WORK REQUEST: Only the lines from the one containing "Zaida Premium Leopard" to the end of the data below belong in the answer, each repeated exactly; no pictures.

DATASET CONTENT:
------------------------

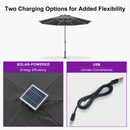 PURPLE LEAF Semi-Auto Extra Large Patio Umbrella Premium Commercial Market Umbrella for Garden, Café and Hotel
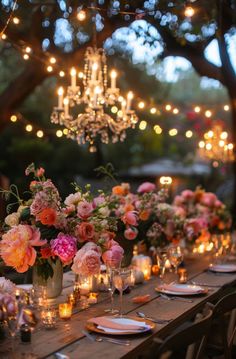 an outdoor dinner table with candles and flowers in vases on the table, surrounded by hanging chandeliers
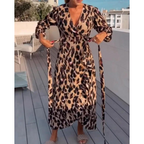 Zaida Premium Leopard Print V Neck Dress Elevated Occasion Wear
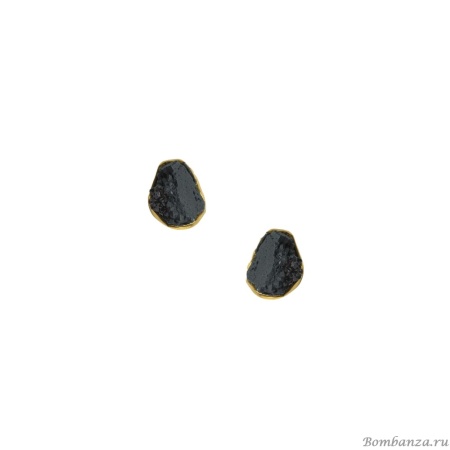 Серьги Katerina Vassou, Happiness, с друзой агата, KV25.1-403170GBLACK черный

------------------------

PROBLEM SOLUTION:
 Zaida Premium Leopard Print V Neck Dress Elevated Occasion Wear
 Серьги Katerina Vassou, Happiness, с друзой агата, KV25.1-403170GBLACK черный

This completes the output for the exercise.